For Israeli readers, this is not merely a technical legal development. It is a moral and political signal. At a time when antisemitism is again rising in many parts of the world and Jewish communities are living with renewed anxiety, Ukraine is trying to draw a firmer legal boundary. Antisemitism is no longer being addressed only through public condemnation or symbolic declarations. It is now being tied more directly to criminal responsibility.

From legal definition to criminal punishment

This law did not appear out of nowhere. In September 2021, Ukraine’s parliament adopted the foundational law “On Preventing and Combating Antisemitism in Ukraine.” That earlier legislation gave a legal definition of antisemitism, listed its manifestations, and established the principle that such acts must carry responsibility. Zelensky signed that law the following month.

But definition alone was never enough. The next step was Bill No. 5110, designed to place antisemitism within the logic of criminal prosecution by amending Article 161 of the Criminal Code of Ukraine. Parliament approved the bill in February 2022, and Zelensky’s signature has now given that framework full legal force.

What the new law changes

Under the new system, incitement to hatred, discrimination, restriction of rights, or other public acts motivated by antisemitism can be punished by fines, restraint of liberty, or imprisonment for up to three years. The law also allows for disqualification from holding certain positions or engaging in certain professional activities.

If such acts are accompanied by violence, threats, deception, or are committed by an official, the punishment becomes harsher and can rise to five years in prison.

If the offense is committed by an organized group or leads to grave consequences, the sentence may range from five to eight years. That upper threshold is what gives this law particular resonance far beyond Ukraine itself.

Why this matters in Israel

For Israel and for the wider Jewish world, antisemitism in Eastern Europe is never read as just another criminal justice issue.
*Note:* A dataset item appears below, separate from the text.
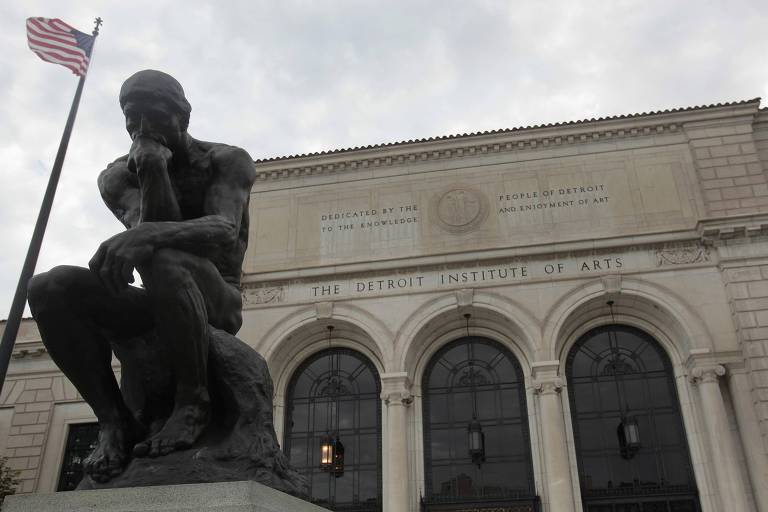 Estátua "'O Pensador", do escultor Aguste Rodin, em frente ao Instituto de Artes de Detroit, em Michigan.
Ukraine carries a deep and complicated Jewish historical legacy: Babyn Yar, centuries of Jewish communal life, modern Jewish communities, and the annual pilgrimage to Uman, alongside contested historical memory and painful chapters that remain part of Jewish consciousness.

That is why any legal development in this area is read not as routine procedure, but as a test of seriousness. A state can declare noble intentions. It is much harder to attach real criminal consequences to antisemitic acts and to make clear that such behavior belongs not in the realm of rhetoric, but in the realm of prosecution.

As NAnews — News of Israel | Nikk.Agency has repeatedly noted in its coverage of Ukraine, Israel, and Jewish affairs, the deeper importance of such a law lies not only in the text itself, but in the public line it draws. It tells society what is tolerated, what is condemned, and what will now be punished with greater force.

A political and moral message

No law can eliminate hatred by itself. Antisemitism is not defeated by a signature alone, and prejudice does not disappear because a legal article becomes stricter. But laws do shape institutions, public expectations, and the seriousness with which society is expected to respond.

That is why this move has diplomatic meaning as well. At a moment when antisemitism remains one of the most painful and destabilizing issues in Jewish life worldwide, Ukraine is sending a clear message to its own citizens, to Israel, and to Jewish communities abroad. The protection of Jews and the fight against antisemitism, Kyiv is signaling, must be backed not only by moral language, but by criminal law with real consequences.

Ukraine did not begin addressing antisemitism only now. The legal foundation was laid several years ago. But Zelensky’s signature on Law No. 2037-IX marks a harder turn. It transforms principle into prosecutable offense and gives the state a more concrete legal tool to respond.

In practical terms, the meaning is straightforward. Antisemitism in Ukraine now carries explicit criminal sanctions. The penalties grow harsher under aggravating circumstances. And in the most serious cases, the punishment can reach eight years in prison.

For an Israeli audience, that makes this more than a domestic Ukrainian legal update. It becomes an important sign of how Kyiv wants to define its legal, political, and moral position on one of the most sensitive issues in Jewish life today.